Explaining ‘Lapping Scheme’
For example, assume that $100 that was to be used to pay for a receivable is stolen from ZXC Inc. The next receivable ($125) is paid to ZXC a few days later. In a lapping scheme, the first $100 of this second payment will be accounted to the first receivable account, while the remaining $25 will be put toward the second receivable.
A lapping scheme may initially be a convenient way for a company to account for theft, but the firm must eventually account for the theft as a loss and deduct it from net income.
Further Reading
- A comparison of alternative covariance matrices for models with over-lapping observations – www.sciencedirect.com [PDF]

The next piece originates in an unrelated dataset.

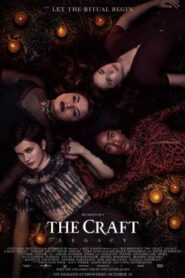 صورة ملصق فيلم The Craft: Legacy 2020 مترجم اونلاين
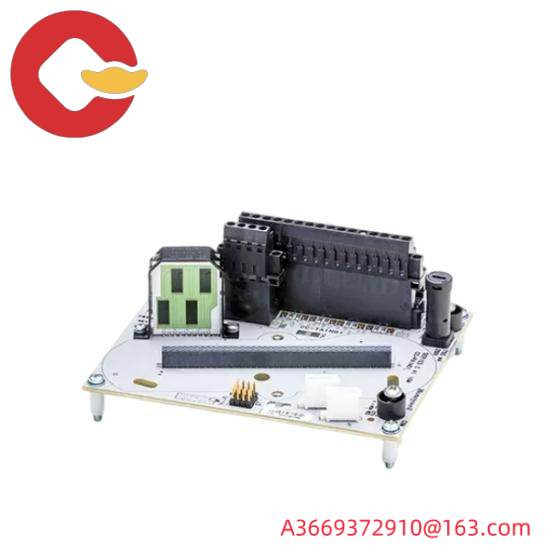 HONEYWELL CC-TAIN01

- Robust Watermarking Method Based on Lapped Orthogonal Transform [J] – en.cnki.com.cn [PDF]
- Exploring alternative theories of economic regionalism: from trade to finance in Asian co-operation? – www.tandfonline.com [PDF]
- Lapped transform-based image denoising with the generalised Gaussian prior – www.inderscienceonline.com [PDF]
- Social Welfare and Housing – link.springer.com [PDF]
- Farmland and agricultural policy in Sweden: an integrated approach – journals.sagepub.com [PDF]
- The evolution of rural planning in the Global North – books.google.com [PDF]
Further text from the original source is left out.